LOWER COURT JURISDICTION: District Court

LOWER COURT FILE NUMBER(S):        DC 10346/02

LOWER COURT JUDICIAL OFFICER:     Murrell DCJ

LOWER COURT DATE OF DECISION:    17 June 2003

COUNSEL:
M L D Einfeld QC and A J L Ogborne - Appellant
E M Olsson SC - Respondent

SOLICITORS:
Bruce & Stewart Commercial Practice - Appellant
Deacons - Respondent

CATCHWORDS:
COSTS - Indemnity certificate under Suitors' Fund Act 1951

LEGISLATION CITED:
Suitors’ Fund Act 1951

CASES CITED:
Hometeam Constructions Pty Ltd v Fiona McCauley as Administrator for the Estate of the Late Luke McCauley [2005] NSWCA 303

DECISION:
1. The claimant to have a certificate under the Suitors’ Fund Act 1951 in relation to the costs of the appeal if otherwise qualified. 2. Each party to bear their own costs of the Notice of Motion.

JUDGMENT:

IN THE SUPREME COURT
OF NEW SOUTH WALES
COURT OF APPEAL

CA 40587/03
DC 10346/02

IPP JA
TOBIAS JA
McCOLL JA

Wednesday 10 October 2007

Hometeam Constructions Pty Ltd v Fiona McCauley as Administrator for the Estate of the Late Luke McCauley (No 2)

Judgment

  1. THE COURT:     The Court delivered judgment in this matter on 7 September 2005:  Hometeam Constructions Pty Ltd v Fiona McCauley as Administrator for the Estate of the Late Luke McCauley [2005] NSWCA 303. It allowed the appeal and set aside the verdict for the respondent on the claim and all orders including costs orders made by Murrell DCJ. The matter was remitted to Murrell DCJ to quantify the loss or damage suffered by the appellant and to determine all questions of costs of the claim. There were also orders dealing with an Amended Cross-Claim, but it is unnecessary to refer to those. The respondent was ordered to pay the costs of and incidental to the appeal.

  2. The principal judgment concerned the proper construction of a Notice of Default and Termination under a building contract.  The primary judge had concluded that the claimant’s late husband had properly terminated the building contract on the grounds that the appellant had failed to proceed with the building works “regularly and with due diligence and without delay” and had awarded the claimant damages.

  3. In the principal judgment the Court held that the primary judge had erred in concluding the claimant was entitled to serve the Notice of Termination.

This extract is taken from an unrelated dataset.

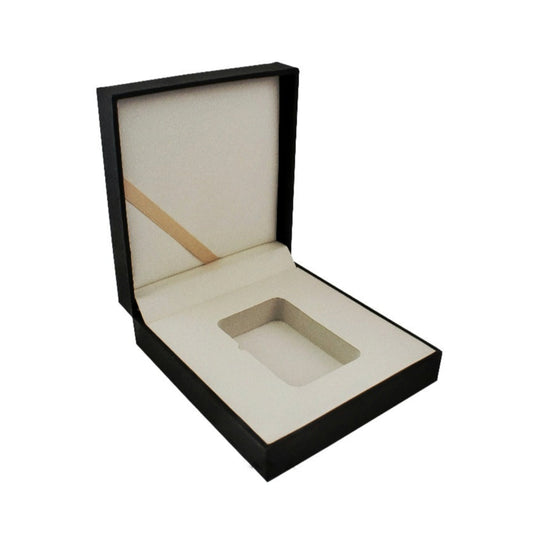 Flip Lighter Luxury Gift Box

  4. By Notice of Motion filed on 6 July 2007 the claimant (the respondent to the appeal) has sought an indemnity certificate pursuant to s 6 of the Suitors’ Fund Act 1951 and an order that each party bear their own costs of the Motion. The opponent (the appellant) consents to the orders sought.

  5. The Motion was supported by an affidavit which disclosed that the claimant had fulfilled all her obligations in accordance with the orders of the Court of Appeal by paying the opponent total costs in the sum of $366,733.17 in relation to both the District Court proceedings and the Court of Appeal proceedings.

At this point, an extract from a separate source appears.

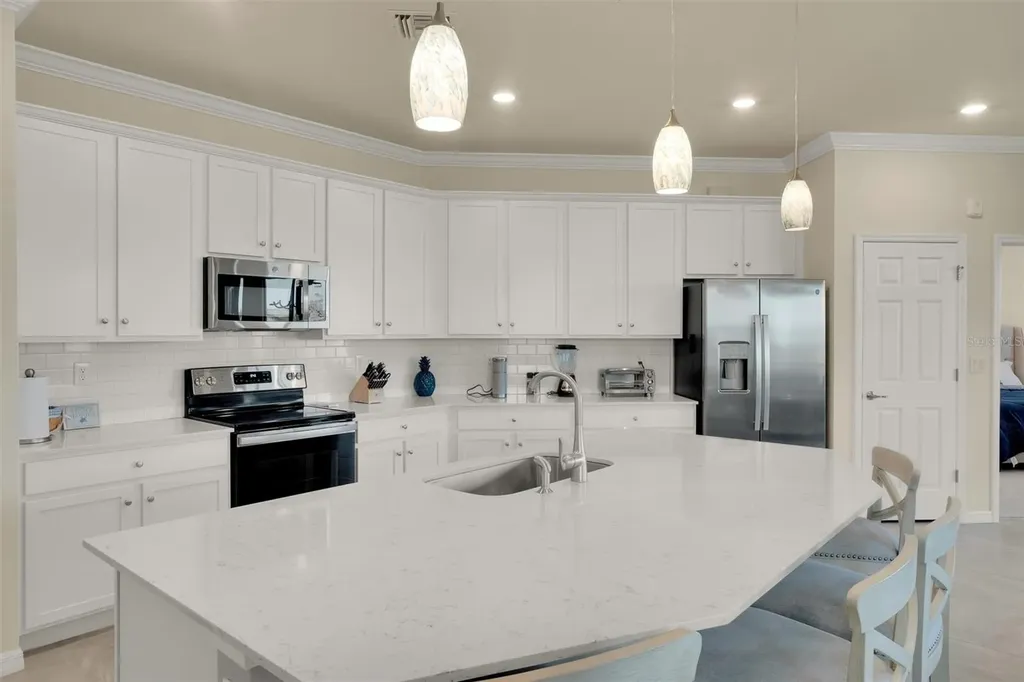 10042 Crooked Creek Drive Venice FL 34293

  6. When the Motion was brought to the attention of the Court, it enquired, through the Registrar of the Court of Appeal, as to the reason the application had been first made close to two years after the principal judgment.

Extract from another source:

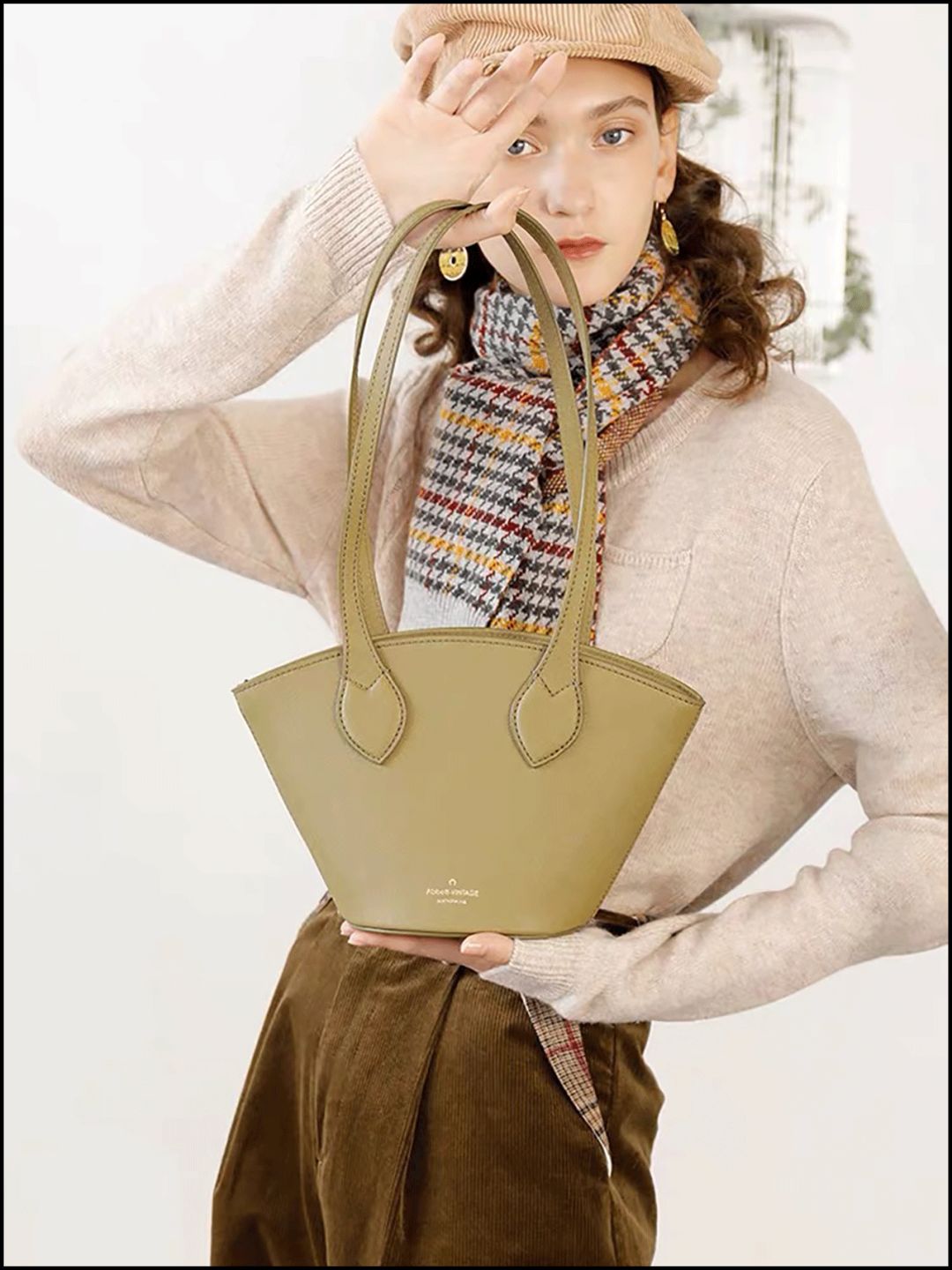 百元小众包包推荐,25-30岁小众轻奢包包品牌推荐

  1. The claimant’s solicitors provided a detailed explanation which, without doing it an injustice, we believe to be summarised adequately by the observation that they took the view it was not until the costs the respondent was required to pay the appellant had been assessed that they were “finally and clearly ‘ordered to be paid and actually paid by the respondent’ as required, inter alia, in order to obtain an entitlement to be paid from the Suitors’ Fund under s 6(2)(a) of the Act.”

  2. Section 6 of the Suitors’ Fund Act 1951 relevantly states:

    “6 Costs of certain appeals

    (1) If an appeal against the decision of a court:

    (a) to the Supreme Court on a question of law or fact, or

    (b) to the High Court from a decision of the Supreme Court on a question of law,

    succeeds, the Supreme Court may, on application, grant to the respondent to the appeal or to any one or more of several respondents to the appeal an indemnity certificate in respect of the appeal.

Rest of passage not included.